Exercise instructions => Please repeat, exactly as they stand, the line containing "Čalouněná postel Hestia" and the lines after it through the final line of the listing below, minus pictures.

Material for this exercise =>
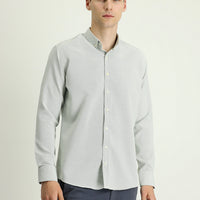 Dark Green Long Sleeve Slim Fit Narrow Cut Patterned Sporty Cotton Easy Iron Button-Down Collar Shirt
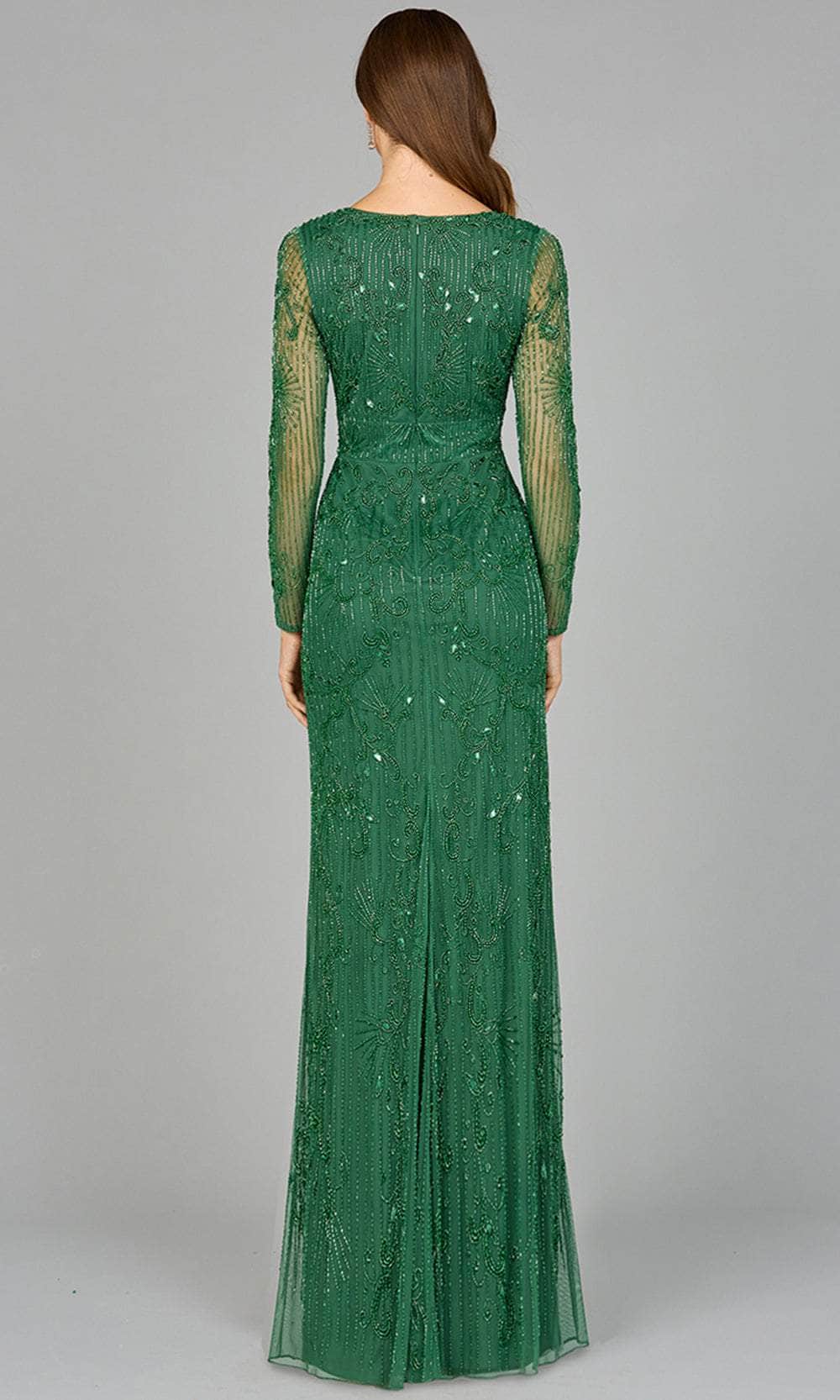 Sheer Sleeve Beaded Evening Dress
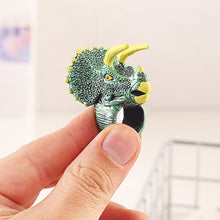 Load image into Gallery viewer, 6Pcs Simulated Dinosaur Wildlife Rings Parent Child Interaction Toy Finger Puppet Animal Rings Children's Day Gift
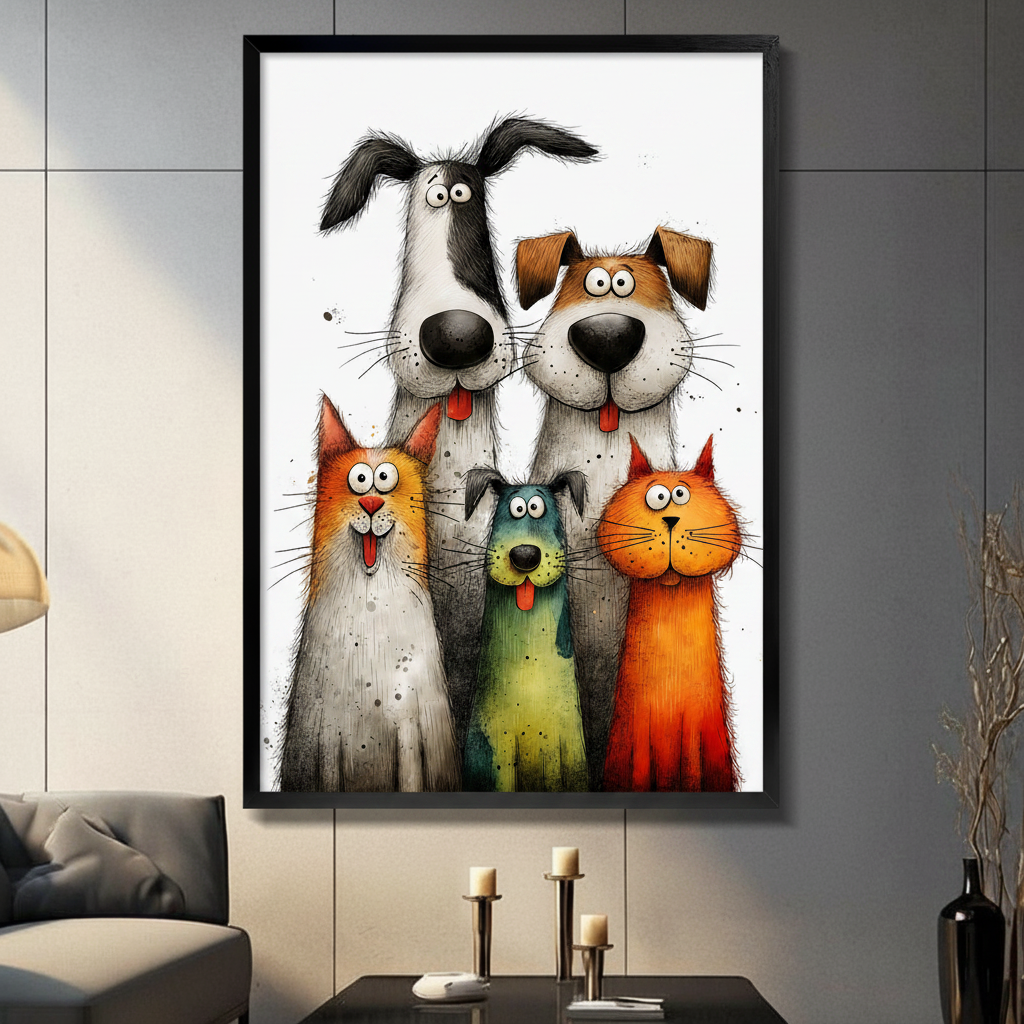 Black framed whimsical cartoon cats and dogs squad group portrait canvas art with two tall goofy dogs with oversized black noses and floppy ears towering above a fluffy white-gray cat with orange patches a small teal-green dog with a dangling tongue and a bold orange-red cat all with wide googly eyes and expressive open mouths in loose ink and watercolor style on a white background, hung on a gray panel wall above a dark gray sofa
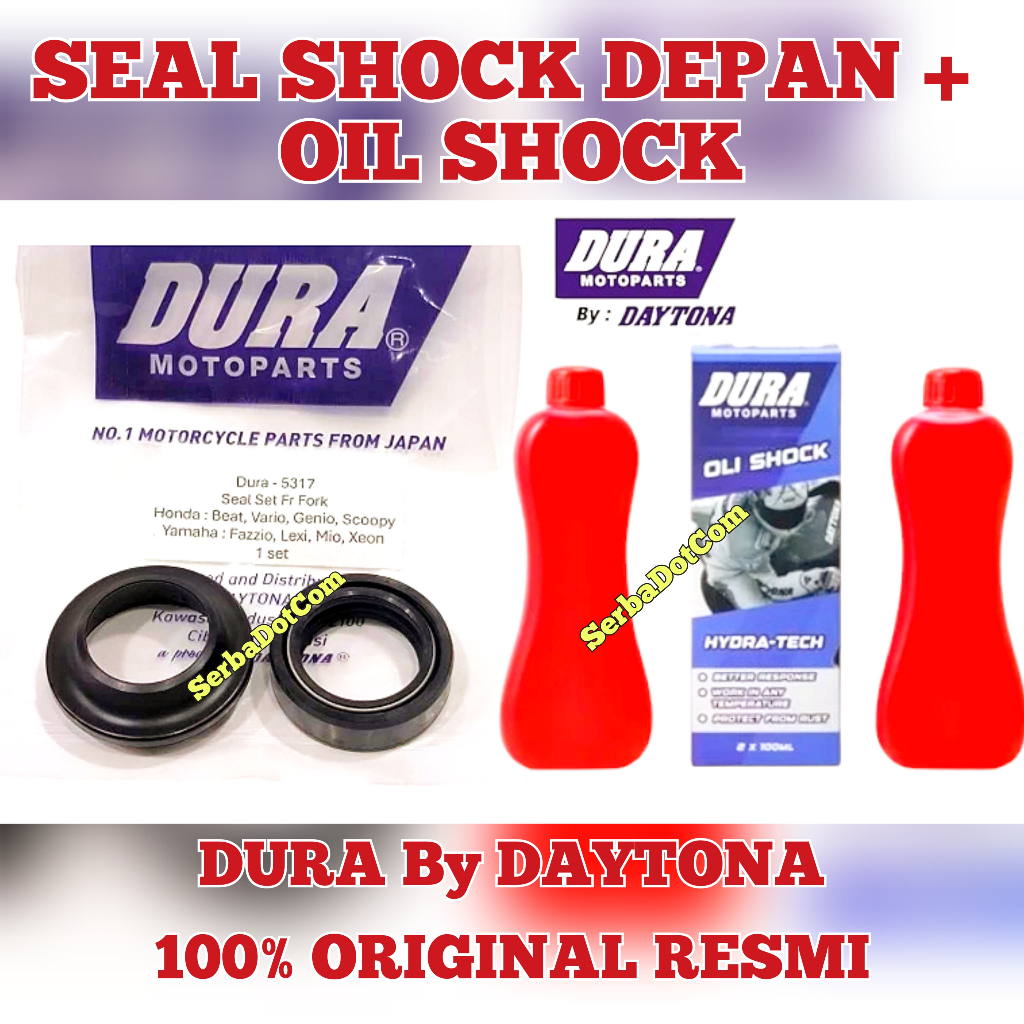 DURA By DAYTONA ORIGINAL SEAL + OLI OIL SHOCK DEPAN ORIGINAL BEAT SCOOPY GENIO REVO SUPRA VARIO MIO 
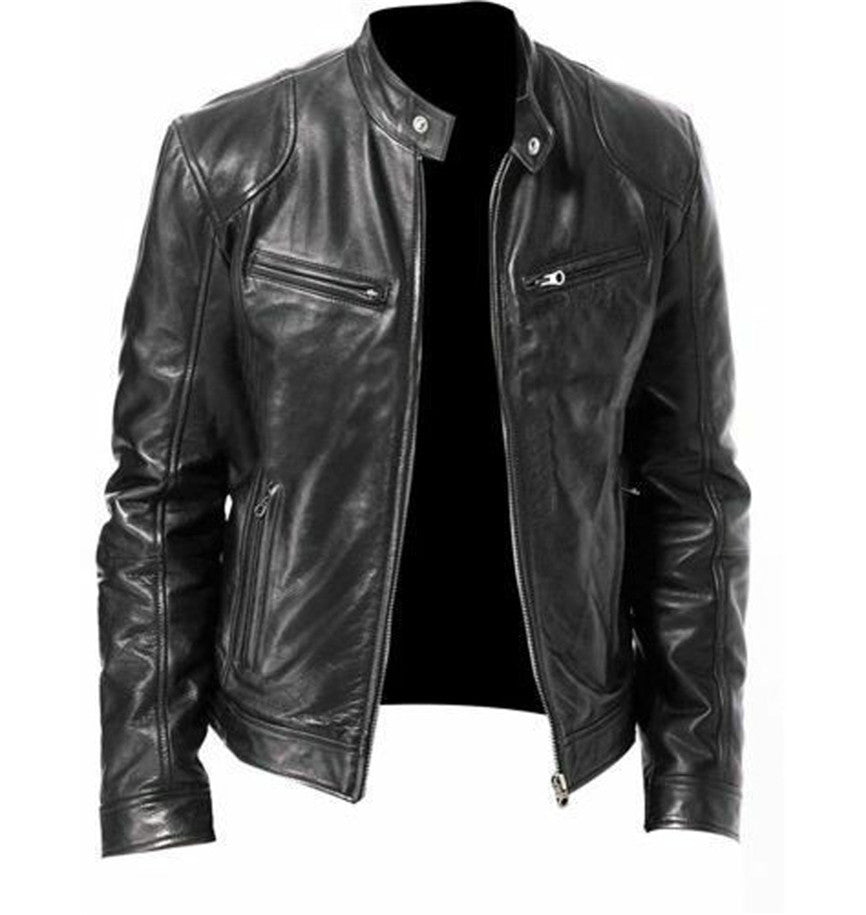 Zipper Pocket Pu Leather Jacket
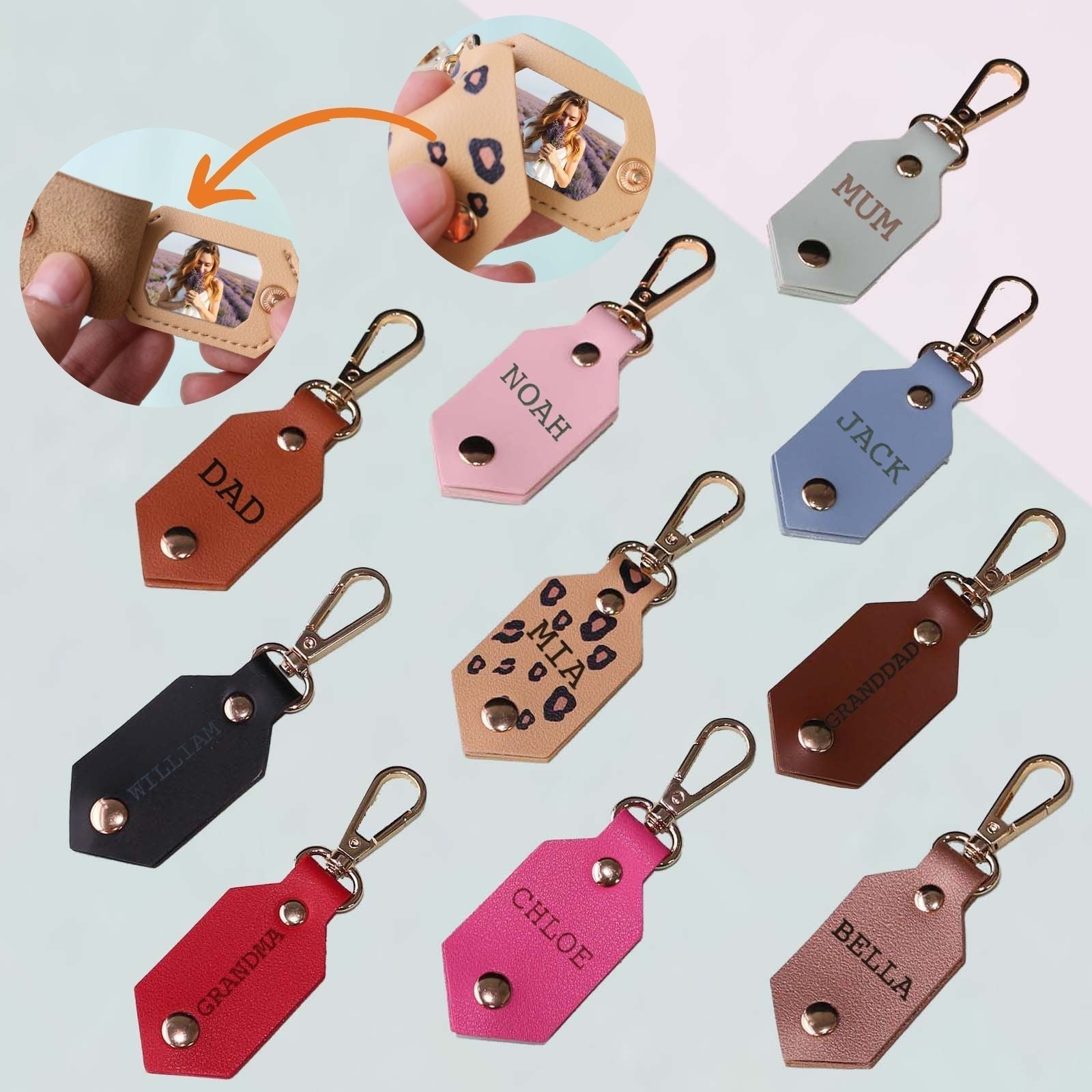 Personalized Picture Key Chains, Funny Leather Photo Keychains, Custom Keychain With Picture, Llaveros Personalizados Customized Keychain Gifts For Women Boyfriend Husband Mens - uniqicon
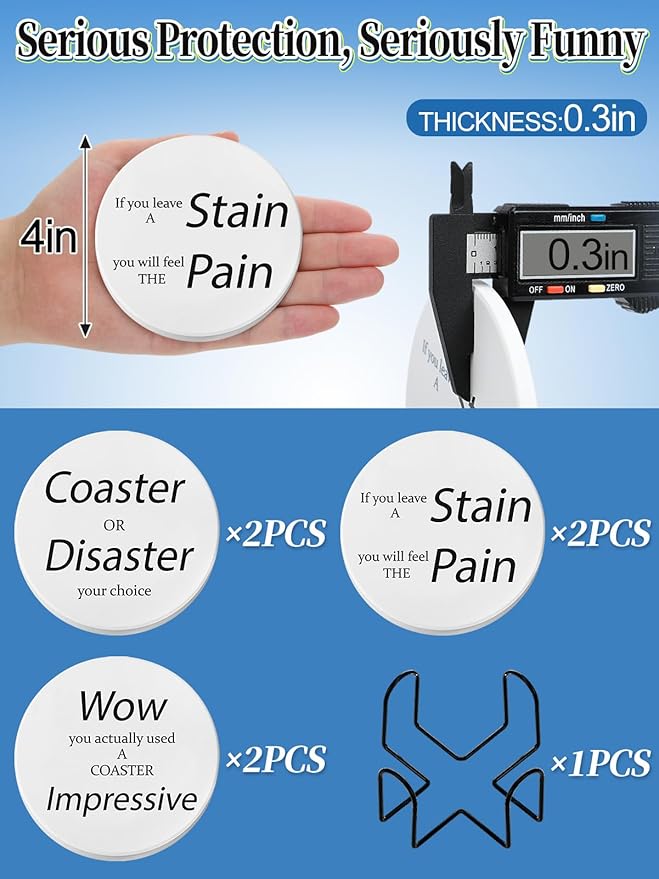 Heat Resistant Coasters House Warming Gifts - Set of 6 Non Slip Ceramic Funny Coasters for Hot Drinks with Holder, New Home Housewarming Gift Ideas, 4in White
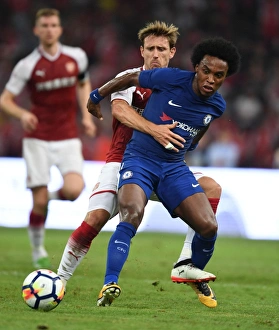 Arsenal V Chelsea - Pre Season 2017-18 Prints: Arsenal vs. Chelsea: Monreal vs. Willian - Pre-Season Clash in Beijing, 2017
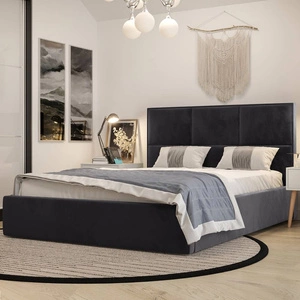 Čalouněná postel Hestia 160x200 s úložným boxem grafitová v moderním skandinávském stylu s pohodlnou opěrkou hlavy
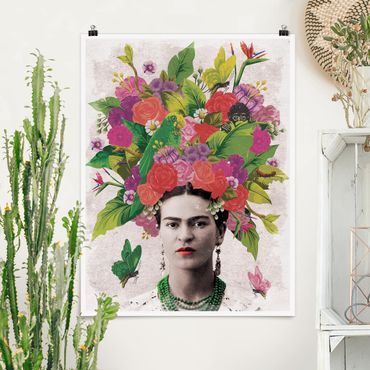 Plakat - Frida Kahlo - Portret z kwiatami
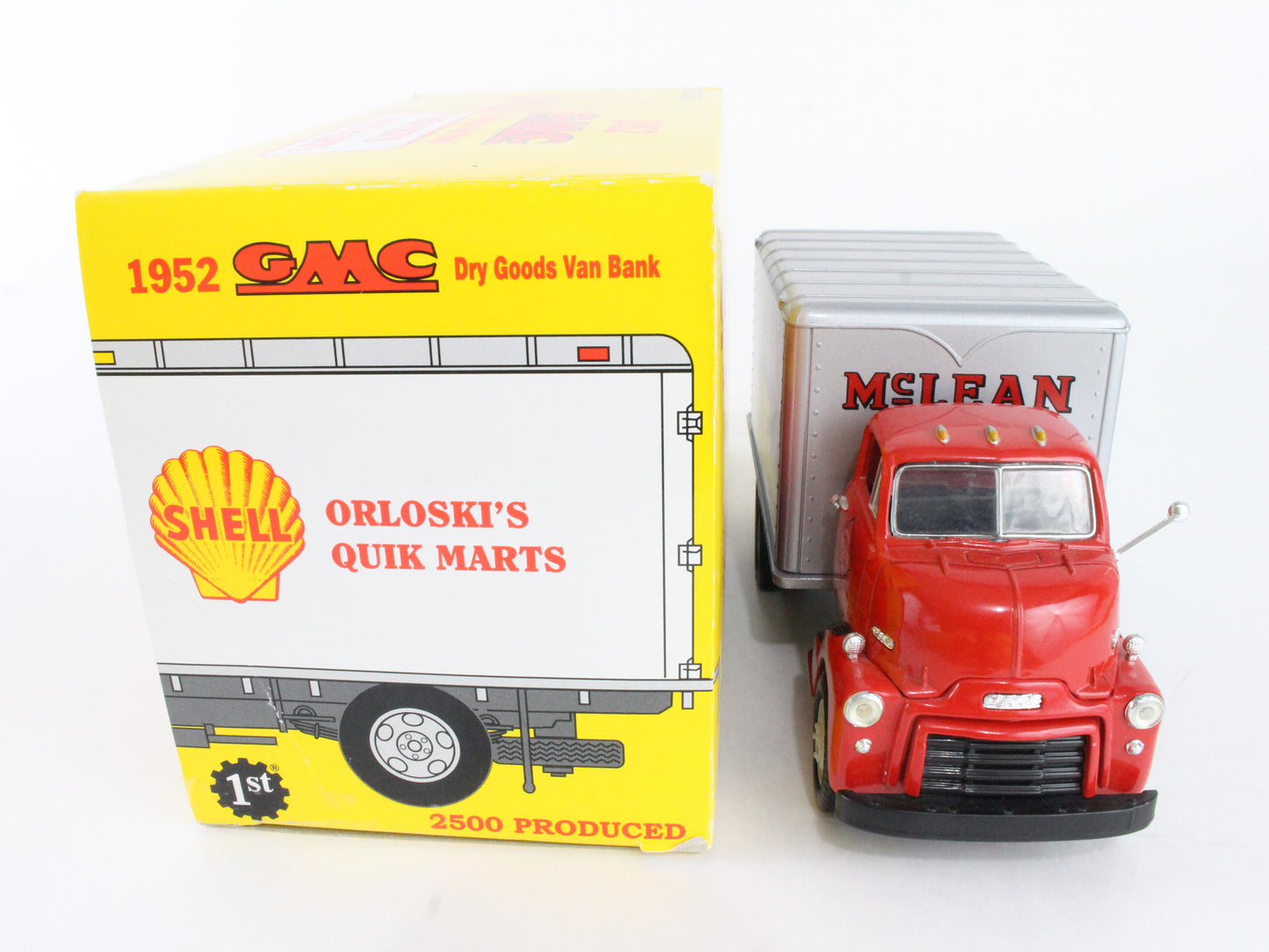 1952 GMC Dry Goods Van Bank Shell Orloski's Quik Marts First Gear 1:34 29-1981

Task answer =>
 Čalouněná postel Hestia 160x200 s úložným boxem grafitová v moderním skandinávském stylu s pohodlnou opěrkou hlavy
 Plakat - Frida Kahlo - Portret z kwiatami
 1952 GMC Dry Goods Van Bank Shell Orloski's Quik Marts First Gear 1:34 29-1981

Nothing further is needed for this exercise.